Attorney General and Commissioner for Justice, Bayelsa State
- In office 25 August 2020 – incumbent
- Governor: Douye Diri

Personal details
- Party: Peoples Democratic Party
- Profession: Lawyer, politician

= Biriyai Dambo =

Nigerian lawyer and politician

Biriyai Dambo, SAN (born 8 July 1961) is a Nigerian lawyer and politician who serves as the Attorney General and Commissioner for Justice of Bayelsa State, Nigeria.

== Early life and background ==
Biriyai was born on 8 July 1961 in Lagos, Nigeria, and hails from Nembe-Bassambiri in Bayelsa State.

==Education ==
He attended Government Comprehensive Secondary School, Borikiri in Port Harcourt and later Federal Government College, Port Harcourt.

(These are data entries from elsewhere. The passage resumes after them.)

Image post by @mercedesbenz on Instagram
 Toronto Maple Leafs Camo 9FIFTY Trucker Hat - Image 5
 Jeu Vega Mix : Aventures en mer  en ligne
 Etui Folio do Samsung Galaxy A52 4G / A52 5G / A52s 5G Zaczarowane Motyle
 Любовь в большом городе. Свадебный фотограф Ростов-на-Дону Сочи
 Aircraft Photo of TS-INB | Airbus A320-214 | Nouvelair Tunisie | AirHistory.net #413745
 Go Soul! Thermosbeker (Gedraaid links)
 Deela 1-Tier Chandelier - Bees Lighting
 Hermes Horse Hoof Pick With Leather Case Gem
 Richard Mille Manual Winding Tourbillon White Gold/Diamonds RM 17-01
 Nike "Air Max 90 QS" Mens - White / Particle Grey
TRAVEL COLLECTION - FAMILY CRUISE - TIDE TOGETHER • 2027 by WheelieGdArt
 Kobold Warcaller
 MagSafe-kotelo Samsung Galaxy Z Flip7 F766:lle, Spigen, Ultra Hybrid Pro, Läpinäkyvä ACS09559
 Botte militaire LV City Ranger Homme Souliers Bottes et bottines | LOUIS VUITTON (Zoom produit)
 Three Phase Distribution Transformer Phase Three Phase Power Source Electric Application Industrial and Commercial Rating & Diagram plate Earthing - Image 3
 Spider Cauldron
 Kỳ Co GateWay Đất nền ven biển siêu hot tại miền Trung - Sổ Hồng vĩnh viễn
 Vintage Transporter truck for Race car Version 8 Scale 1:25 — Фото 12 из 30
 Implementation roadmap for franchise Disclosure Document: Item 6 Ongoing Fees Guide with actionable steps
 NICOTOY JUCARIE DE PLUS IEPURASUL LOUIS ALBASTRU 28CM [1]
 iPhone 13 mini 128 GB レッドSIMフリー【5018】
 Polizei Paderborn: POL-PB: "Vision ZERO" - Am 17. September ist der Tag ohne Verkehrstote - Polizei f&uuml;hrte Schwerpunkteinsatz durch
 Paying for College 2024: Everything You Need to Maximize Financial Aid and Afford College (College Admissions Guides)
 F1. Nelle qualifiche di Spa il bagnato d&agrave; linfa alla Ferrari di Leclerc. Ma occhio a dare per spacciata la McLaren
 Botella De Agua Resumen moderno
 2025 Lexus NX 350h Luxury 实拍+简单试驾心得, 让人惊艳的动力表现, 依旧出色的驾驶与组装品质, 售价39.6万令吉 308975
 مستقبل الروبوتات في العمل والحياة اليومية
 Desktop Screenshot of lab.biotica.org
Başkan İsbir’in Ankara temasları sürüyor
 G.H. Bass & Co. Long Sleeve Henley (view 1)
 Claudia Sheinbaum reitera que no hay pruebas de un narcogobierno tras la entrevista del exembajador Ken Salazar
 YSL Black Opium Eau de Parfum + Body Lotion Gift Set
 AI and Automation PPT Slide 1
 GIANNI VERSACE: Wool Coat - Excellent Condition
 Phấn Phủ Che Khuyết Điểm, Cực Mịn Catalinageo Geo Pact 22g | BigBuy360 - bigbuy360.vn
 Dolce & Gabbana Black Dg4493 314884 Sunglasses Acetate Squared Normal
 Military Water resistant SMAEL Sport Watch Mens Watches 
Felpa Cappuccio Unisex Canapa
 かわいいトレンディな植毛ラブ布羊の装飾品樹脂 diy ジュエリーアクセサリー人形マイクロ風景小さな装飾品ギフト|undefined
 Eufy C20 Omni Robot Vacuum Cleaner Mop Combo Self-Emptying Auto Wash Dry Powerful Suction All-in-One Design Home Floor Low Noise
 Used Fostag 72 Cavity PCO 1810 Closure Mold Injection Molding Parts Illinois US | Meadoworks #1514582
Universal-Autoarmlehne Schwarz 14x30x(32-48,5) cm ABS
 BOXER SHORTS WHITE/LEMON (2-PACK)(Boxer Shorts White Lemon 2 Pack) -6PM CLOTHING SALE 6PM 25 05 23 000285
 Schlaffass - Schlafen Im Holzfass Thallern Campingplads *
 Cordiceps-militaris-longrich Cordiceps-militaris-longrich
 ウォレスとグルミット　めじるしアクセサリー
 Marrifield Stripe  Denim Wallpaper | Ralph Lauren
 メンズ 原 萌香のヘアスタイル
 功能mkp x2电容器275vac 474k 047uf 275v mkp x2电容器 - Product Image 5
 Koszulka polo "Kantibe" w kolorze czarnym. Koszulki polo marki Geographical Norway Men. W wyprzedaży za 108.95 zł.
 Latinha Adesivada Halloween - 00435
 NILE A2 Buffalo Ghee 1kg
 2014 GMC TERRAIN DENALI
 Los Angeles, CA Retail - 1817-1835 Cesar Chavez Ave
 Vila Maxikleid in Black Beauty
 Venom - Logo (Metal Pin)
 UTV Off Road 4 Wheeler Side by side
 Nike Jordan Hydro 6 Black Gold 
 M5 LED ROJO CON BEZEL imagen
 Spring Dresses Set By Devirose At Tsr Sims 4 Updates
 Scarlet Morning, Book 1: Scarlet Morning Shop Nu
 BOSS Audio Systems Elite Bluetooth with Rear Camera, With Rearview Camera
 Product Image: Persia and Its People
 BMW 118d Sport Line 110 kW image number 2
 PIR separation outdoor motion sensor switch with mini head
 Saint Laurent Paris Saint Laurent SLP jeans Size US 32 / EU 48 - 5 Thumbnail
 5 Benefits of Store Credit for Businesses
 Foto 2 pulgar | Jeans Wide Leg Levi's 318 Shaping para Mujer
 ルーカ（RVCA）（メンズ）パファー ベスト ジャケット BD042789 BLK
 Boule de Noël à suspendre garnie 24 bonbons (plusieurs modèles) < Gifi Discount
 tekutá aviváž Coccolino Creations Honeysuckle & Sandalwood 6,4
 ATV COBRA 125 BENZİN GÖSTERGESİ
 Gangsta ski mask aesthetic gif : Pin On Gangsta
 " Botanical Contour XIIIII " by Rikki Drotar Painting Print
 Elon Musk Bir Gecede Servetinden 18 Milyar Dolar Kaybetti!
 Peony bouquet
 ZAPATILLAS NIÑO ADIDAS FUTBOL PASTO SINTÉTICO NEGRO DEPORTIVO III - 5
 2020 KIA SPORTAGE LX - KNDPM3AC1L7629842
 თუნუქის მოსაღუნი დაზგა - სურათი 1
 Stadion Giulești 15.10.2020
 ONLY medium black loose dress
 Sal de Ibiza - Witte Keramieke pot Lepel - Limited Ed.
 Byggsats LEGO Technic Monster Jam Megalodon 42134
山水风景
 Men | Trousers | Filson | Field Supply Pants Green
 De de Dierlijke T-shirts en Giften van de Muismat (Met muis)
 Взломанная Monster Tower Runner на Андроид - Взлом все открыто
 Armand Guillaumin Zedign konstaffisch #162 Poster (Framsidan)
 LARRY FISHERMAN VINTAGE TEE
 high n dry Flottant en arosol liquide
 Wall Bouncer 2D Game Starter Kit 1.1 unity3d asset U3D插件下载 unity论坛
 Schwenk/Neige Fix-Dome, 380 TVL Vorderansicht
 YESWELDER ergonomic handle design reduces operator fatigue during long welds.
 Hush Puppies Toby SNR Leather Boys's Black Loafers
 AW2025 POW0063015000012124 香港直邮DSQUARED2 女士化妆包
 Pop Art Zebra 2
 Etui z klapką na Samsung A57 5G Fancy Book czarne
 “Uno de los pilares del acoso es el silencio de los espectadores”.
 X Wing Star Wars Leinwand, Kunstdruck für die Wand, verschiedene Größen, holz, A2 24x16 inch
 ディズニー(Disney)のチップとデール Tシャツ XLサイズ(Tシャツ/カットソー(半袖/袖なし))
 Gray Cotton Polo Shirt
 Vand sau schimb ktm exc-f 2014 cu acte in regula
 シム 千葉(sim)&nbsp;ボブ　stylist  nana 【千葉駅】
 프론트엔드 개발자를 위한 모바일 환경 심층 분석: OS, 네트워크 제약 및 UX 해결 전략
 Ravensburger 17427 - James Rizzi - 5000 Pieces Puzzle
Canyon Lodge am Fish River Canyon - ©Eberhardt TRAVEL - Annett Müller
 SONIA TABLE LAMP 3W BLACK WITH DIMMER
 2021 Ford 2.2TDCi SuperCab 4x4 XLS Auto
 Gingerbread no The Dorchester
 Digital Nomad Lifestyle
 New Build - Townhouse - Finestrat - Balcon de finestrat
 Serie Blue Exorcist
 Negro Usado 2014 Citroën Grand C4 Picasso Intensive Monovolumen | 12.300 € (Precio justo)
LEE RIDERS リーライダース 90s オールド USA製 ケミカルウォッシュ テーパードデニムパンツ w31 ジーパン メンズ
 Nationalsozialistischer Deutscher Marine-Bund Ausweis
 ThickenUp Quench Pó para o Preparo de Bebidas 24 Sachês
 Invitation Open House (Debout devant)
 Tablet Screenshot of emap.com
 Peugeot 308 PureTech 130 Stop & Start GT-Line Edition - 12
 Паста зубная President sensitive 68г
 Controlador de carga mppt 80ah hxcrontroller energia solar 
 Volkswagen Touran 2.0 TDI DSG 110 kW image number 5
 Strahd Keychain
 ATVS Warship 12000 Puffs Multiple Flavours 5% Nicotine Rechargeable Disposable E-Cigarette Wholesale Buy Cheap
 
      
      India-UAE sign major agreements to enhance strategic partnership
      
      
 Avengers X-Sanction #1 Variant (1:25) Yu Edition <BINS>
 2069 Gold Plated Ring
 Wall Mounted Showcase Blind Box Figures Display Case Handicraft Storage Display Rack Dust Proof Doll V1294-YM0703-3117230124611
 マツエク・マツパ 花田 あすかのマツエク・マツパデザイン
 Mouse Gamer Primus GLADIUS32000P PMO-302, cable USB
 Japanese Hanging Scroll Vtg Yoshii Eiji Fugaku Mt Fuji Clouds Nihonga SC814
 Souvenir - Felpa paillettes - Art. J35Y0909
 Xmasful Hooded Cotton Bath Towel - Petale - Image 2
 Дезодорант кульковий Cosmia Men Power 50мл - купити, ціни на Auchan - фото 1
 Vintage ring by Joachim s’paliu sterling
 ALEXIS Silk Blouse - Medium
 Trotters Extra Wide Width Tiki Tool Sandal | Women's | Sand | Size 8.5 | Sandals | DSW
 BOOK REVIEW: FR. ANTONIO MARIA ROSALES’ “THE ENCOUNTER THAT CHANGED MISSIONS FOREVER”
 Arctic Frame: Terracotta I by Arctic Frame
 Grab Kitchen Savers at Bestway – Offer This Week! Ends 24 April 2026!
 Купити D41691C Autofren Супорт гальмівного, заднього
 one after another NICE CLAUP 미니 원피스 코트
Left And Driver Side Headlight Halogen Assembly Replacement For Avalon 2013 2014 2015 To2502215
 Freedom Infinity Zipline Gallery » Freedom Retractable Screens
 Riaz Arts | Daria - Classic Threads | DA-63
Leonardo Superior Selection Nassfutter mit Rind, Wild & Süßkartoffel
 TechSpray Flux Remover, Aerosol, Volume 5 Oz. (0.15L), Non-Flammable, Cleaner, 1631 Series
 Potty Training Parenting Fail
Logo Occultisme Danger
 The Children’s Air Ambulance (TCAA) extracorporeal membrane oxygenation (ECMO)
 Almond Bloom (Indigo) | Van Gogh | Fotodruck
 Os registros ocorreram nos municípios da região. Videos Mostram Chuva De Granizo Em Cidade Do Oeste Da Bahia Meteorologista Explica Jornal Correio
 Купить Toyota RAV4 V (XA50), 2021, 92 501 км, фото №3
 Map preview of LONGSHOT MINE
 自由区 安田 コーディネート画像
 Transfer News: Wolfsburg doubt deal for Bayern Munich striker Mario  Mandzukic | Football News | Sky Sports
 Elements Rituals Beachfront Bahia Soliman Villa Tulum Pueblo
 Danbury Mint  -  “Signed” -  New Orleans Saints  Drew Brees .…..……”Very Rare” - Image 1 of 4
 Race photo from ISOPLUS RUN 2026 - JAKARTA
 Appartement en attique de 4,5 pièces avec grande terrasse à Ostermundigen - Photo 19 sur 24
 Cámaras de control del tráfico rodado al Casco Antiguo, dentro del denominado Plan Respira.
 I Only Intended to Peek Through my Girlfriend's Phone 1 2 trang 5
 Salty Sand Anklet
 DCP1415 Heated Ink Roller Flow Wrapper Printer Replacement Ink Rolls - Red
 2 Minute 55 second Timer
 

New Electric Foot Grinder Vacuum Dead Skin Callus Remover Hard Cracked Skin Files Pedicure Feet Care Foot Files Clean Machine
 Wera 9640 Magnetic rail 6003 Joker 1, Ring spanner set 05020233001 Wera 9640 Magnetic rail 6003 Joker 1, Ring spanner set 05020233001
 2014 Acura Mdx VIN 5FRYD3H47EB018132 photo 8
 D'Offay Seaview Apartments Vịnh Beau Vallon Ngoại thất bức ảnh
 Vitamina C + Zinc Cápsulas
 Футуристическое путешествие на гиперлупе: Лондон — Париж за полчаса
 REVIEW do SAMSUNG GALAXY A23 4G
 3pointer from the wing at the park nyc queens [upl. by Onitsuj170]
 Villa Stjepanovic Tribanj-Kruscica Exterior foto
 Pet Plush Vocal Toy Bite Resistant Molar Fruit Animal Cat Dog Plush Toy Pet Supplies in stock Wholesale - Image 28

He earned a Bachelor of Laws (LL.B) degree from the University of Lagos in 1986. He also completed his training at the Nigerian Law School, after which he was called to the Nigerian Bar in 1988.

Dambo earned a Master of Laws (LL.M) from the University of Lagos in 2003. He was conferred with the rank of Senior Advocate of Nigeria (SAN) in 2013.

==Career==
=== Legal career ===
Before ressuming the role of Attorney General and Commissioner for Justice, Dambo practised law. He founded the legal firm Biriyai Dambo & Co in 1994, and served as the Principal Partner.

He has held various positions in legal practice, including roles that expanded his expertise into corporate governance, maritime law, and community legal issues.

=== Political career ===
On 25 August 2020, Dambo was appointed Attorney General and Commissioner for Justice of Bayelsa State, and re-appointed in April 2024. He has served in legal-related committees such as reconciliation and technical committees addressing state and community issues.